## DATA
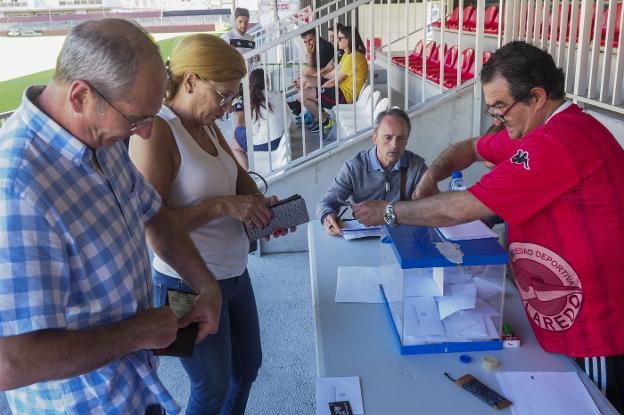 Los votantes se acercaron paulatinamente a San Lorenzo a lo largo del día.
--
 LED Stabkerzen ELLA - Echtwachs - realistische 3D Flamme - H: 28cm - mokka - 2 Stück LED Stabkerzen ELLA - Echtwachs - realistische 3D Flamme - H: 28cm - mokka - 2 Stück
--
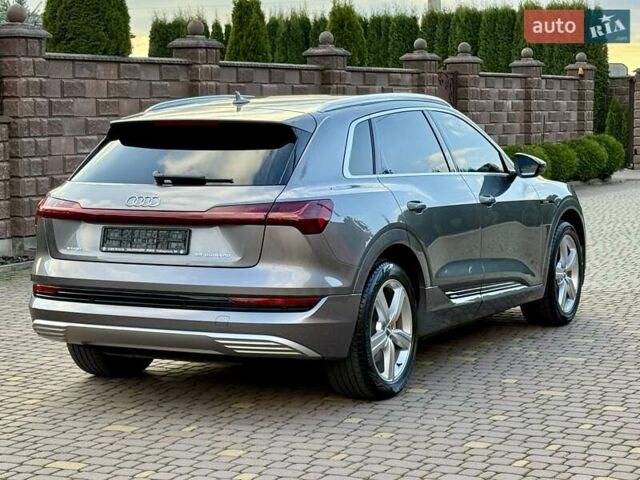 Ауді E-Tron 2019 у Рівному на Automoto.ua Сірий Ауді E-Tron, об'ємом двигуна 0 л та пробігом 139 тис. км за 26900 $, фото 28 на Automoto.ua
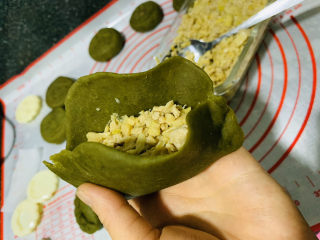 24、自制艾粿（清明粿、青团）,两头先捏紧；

## AIM OF THE EXERCISE
Only the lines starting at the one with "Ауді E-Tron 2019" and ending at the one with "24、自制艾粿（清明粿、青团）,两头先捏紧；" should be printed, each exactly as it appears in the material above; the pictures are to be omitted.

## SOLUTION TO THIS PROBLEM
 Ауді E-Tron 2019 у Рівному на Automoto.ua Сірий Ауді E-Tron, об'ємом двигуна 0 л та пробігом 139 тис. км за 26900 $, фото 28 на Automoto.ua
 24、自制艾粿（清明粿、青团）,两头先捏紧；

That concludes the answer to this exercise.